Items listed in a dataset
╔══

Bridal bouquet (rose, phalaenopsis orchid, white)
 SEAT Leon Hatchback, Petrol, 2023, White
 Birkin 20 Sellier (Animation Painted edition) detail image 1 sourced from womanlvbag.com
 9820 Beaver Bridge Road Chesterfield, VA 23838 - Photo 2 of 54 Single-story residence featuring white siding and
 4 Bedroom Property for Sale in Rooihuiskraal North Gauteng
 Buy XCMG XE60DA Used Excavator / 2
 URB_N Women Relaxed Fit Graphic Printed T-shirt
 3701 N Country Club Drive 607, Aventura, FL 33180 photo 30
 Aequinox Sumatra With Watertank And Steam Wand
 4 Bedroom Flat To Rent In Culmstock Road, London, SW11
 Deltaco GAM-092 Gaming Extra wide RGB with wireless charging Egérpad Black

╚══

Problem requirements ▸
Scan each line above for the string "Bedroom". Give the tally and nothing else.

Task output ▸
2